### Data for the task
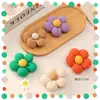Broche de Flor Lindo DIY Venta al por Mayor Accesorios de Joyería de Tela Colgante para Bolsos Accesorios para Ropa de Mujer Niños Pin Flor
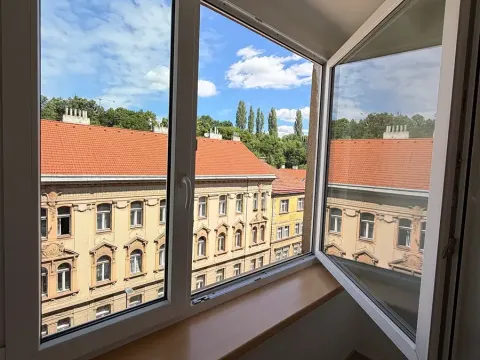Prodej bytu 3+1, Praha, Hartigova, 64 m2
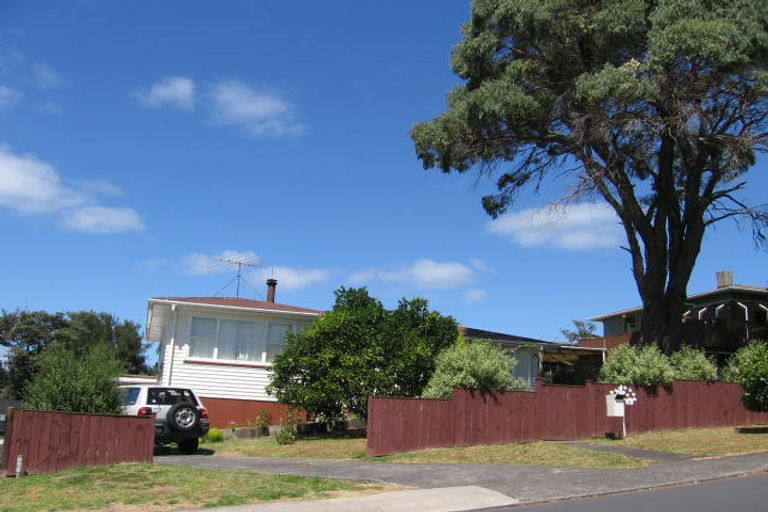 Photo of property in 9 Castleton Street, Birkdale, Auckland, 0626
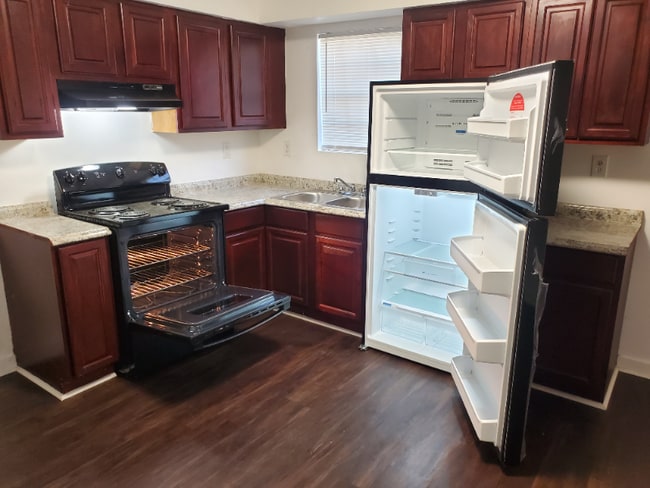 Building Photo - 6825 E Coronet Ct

...

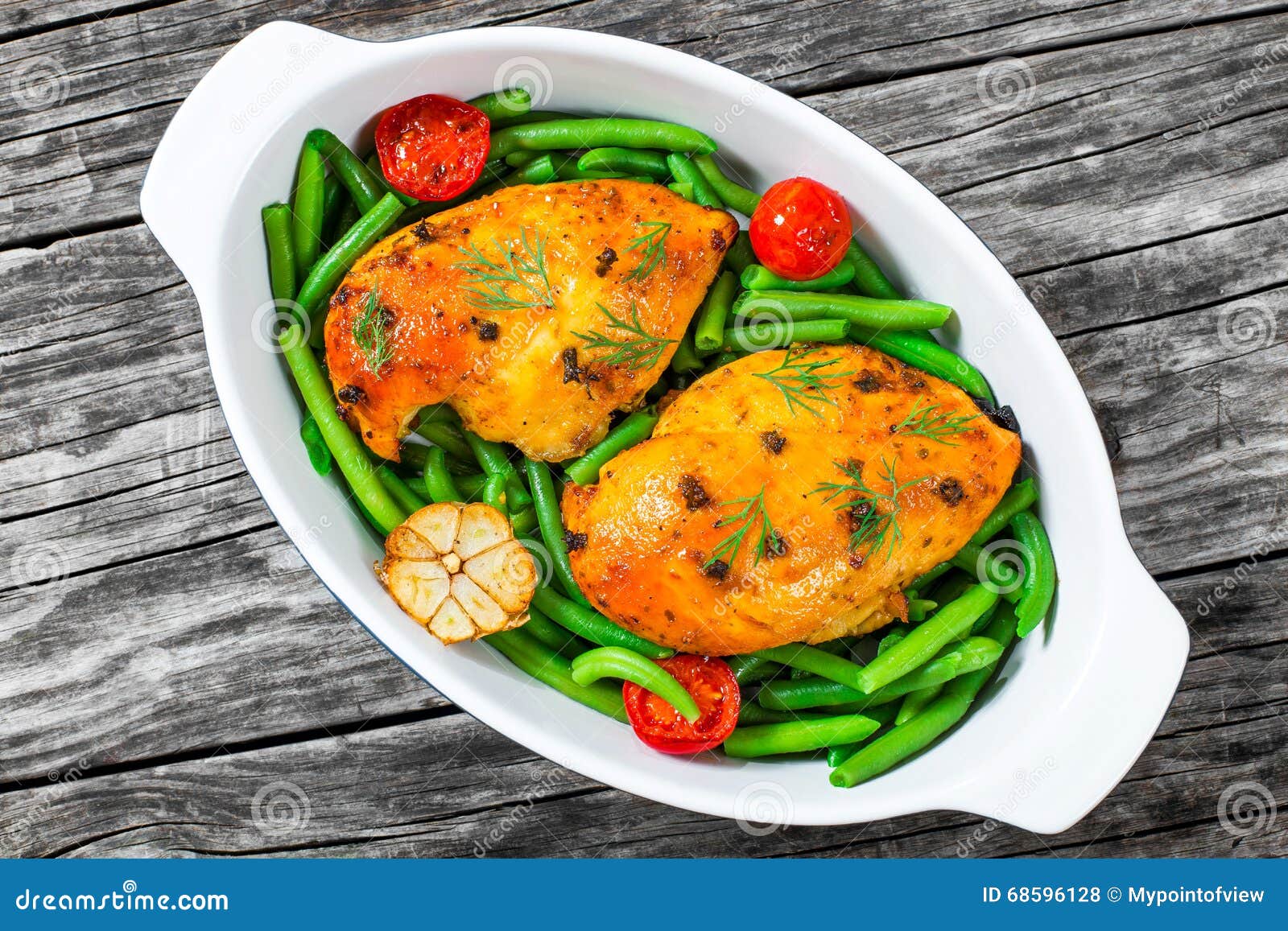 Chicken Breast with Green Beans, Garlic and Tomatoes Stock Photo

--

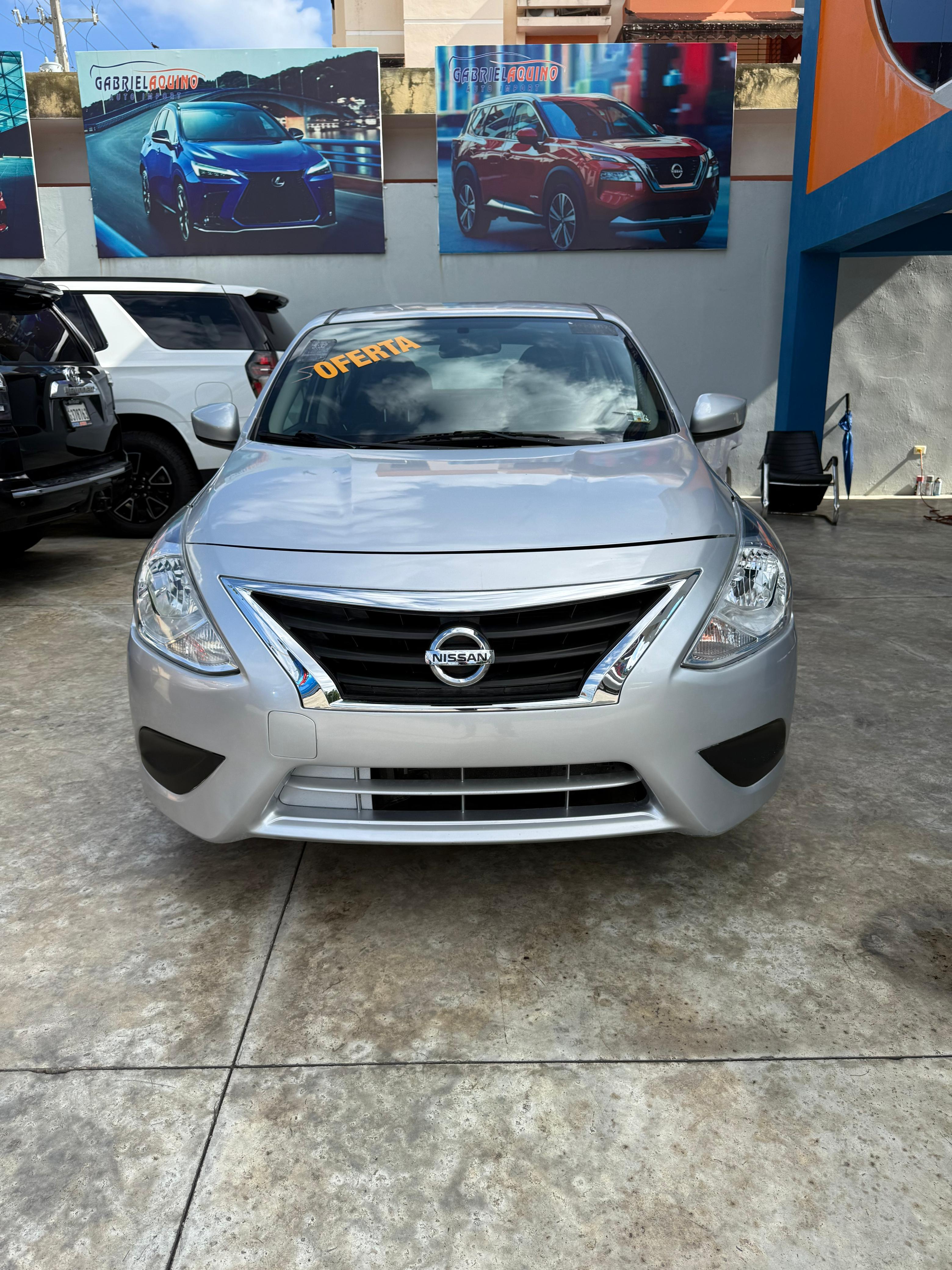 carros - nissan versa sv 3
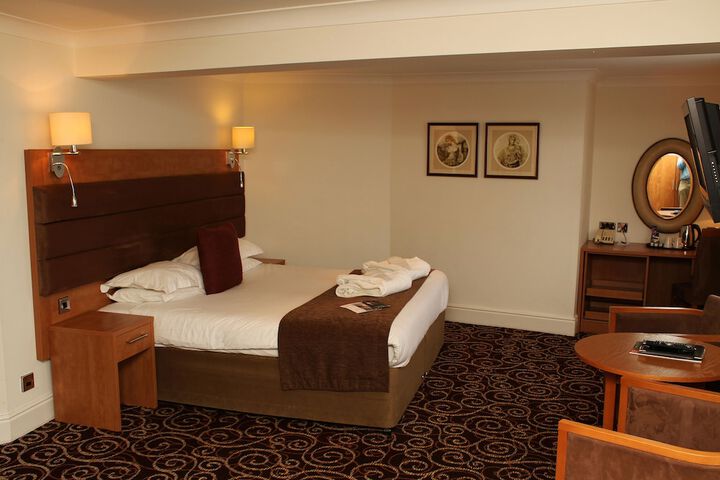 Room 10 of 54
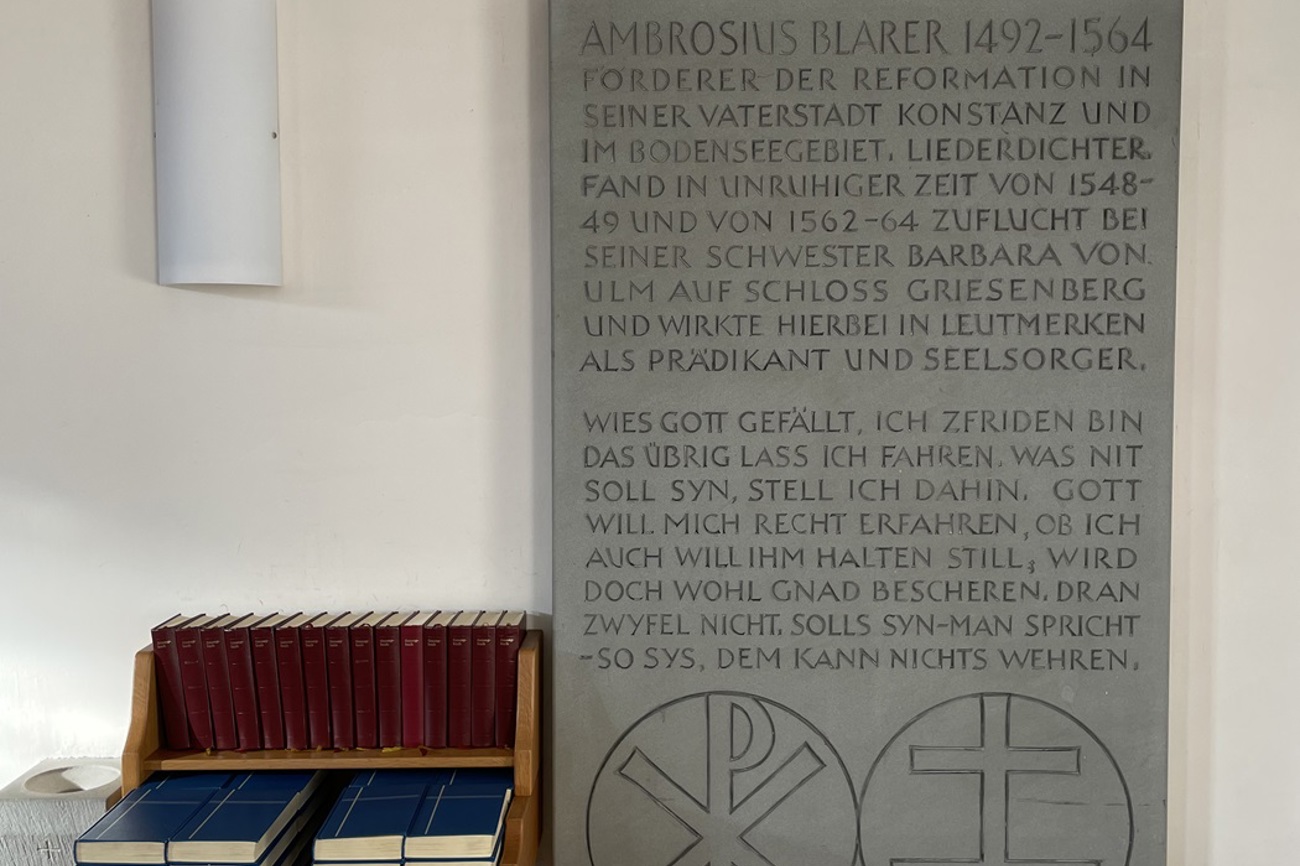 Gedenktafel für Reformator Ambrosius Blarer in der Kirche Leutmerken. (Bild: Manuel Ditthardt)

### Required work
The answer is the lines of the material above, from the one containing "Room 10 of 54" down to the one containing "Gedenktafel für Reformator", given exactly and without images.

### Problem solution
 Room 10 of 54
 Gedenktafel für Reformator Ambrosius Blarer in der Kirche Leutmerken. (Bild: Manuel Ditthardt)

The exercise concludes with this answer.